Niecodzienna historia wiąże się z jego ulubionym muzealnym eksponatem. To kuter pościgowy Batory. Pierwotnie należał do Straży Granicznej. Dzięki niemu powstrzymywano kontrabandy alkoholu za granicę. Jak mówił gość Piotra Jaconia, pomysłowość przemytników nie miała granic. – Któryś z nich, udając się niewielkim statkiem na drugą część Bałtyku wlał spirytus do instalacji grzewczej, która była w formie kaloryferów. Nie przewidział jednego. Rdza wewnątrz instalacji zabarwiła spirytus na brązowo. Przemytnicy nie przejęli się tym zbytnio i oferowali go jako tak zwany polski koniak, opowiadał Tomasz Miegoń.

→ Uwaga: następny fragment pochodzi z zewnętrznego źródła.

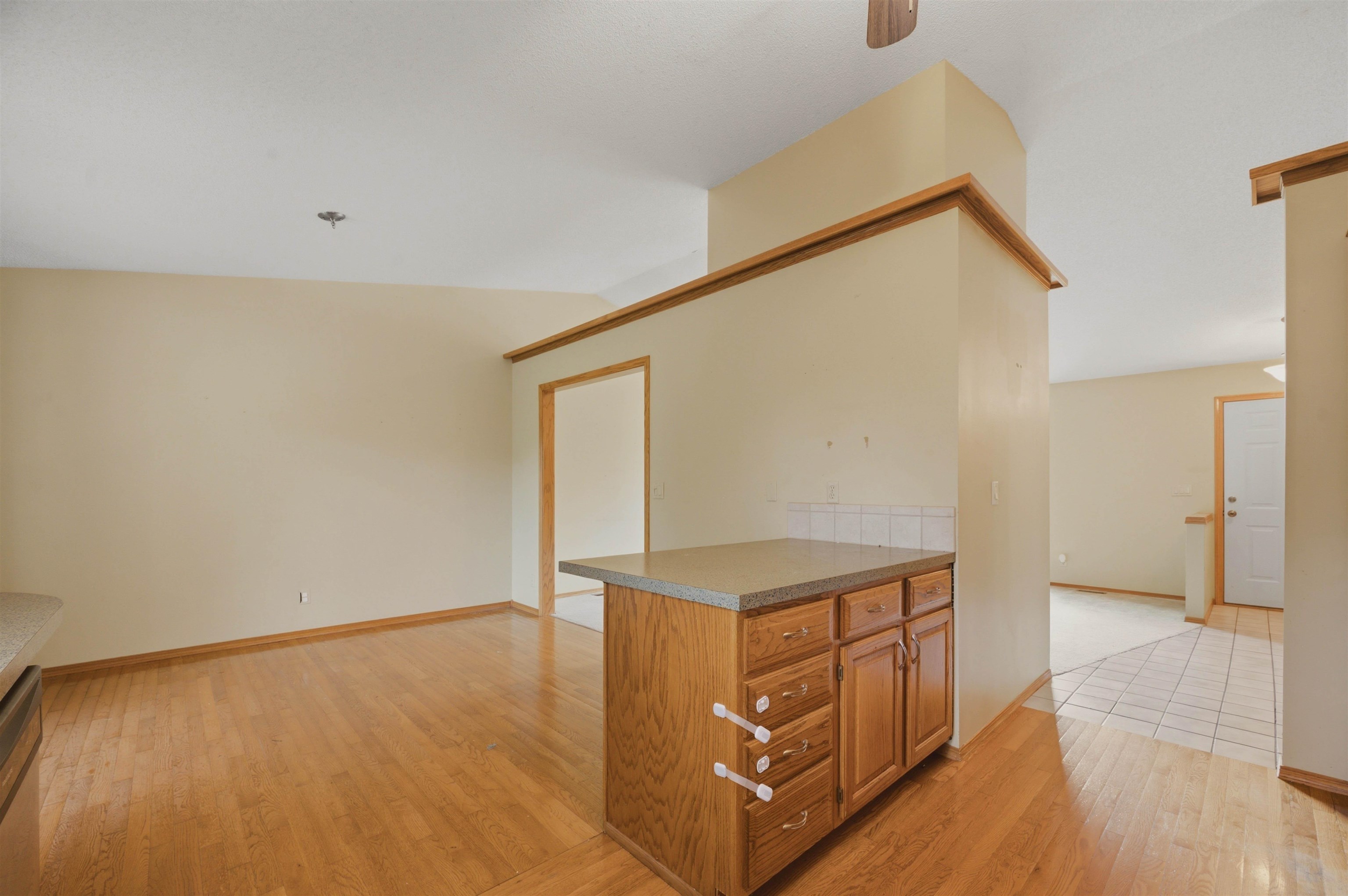 7040 E 35th Cir N Property Photo 10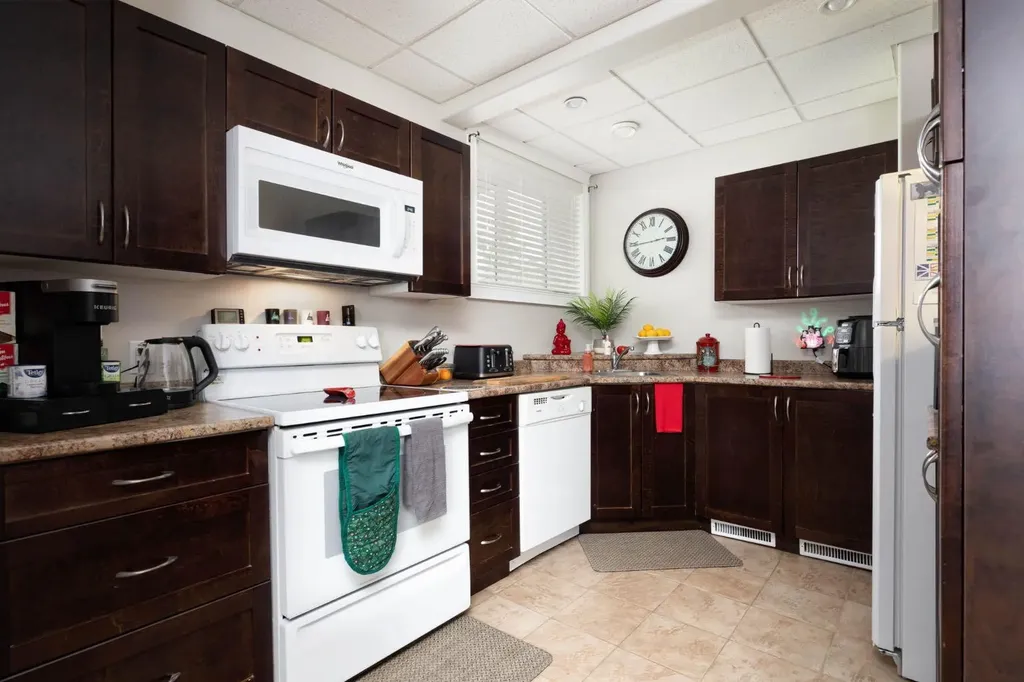 180 Mountain Avens Crescent Fort Mcmurray AB T9K 1Y1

Dyrektor Muzeum Marynarki Wojennej w Gdyni niemal otarł się o świętość. Ma w rodzinie dwóch błogosławionych. Pierwszy to ksiądz Władysław Miegoń, kapelan Marynarki Wojennej. Drugim włączonym w poczet błogosławionych jest jego wuj, ksiądz Antoni Rewera, profesor seminarium duchownego w Sandomierzu. – Zostali beatyfikowani przez Jana Pawła II w 1999 roku. Ojciec Święty mówił o nich dużo dobrych rzeczy. Pamiętam tę uroczystość, to było olbrzymie przeżycie i wzruszenie dla mnie i rodziny, wspominał.
Tomasz Miegoń jest z pewnych względów wyjątkowym szefem, bowiem po raz pierwszy cywil został dyrektorem Muzeum Marynarki Wojennej. – Nigdy nie przypuszczałem, że będę zajmował takie zaszczytne stanowisko, chociaż przyznaję, że było to moje marzenie, mówił Piotrowi Jaconiowi.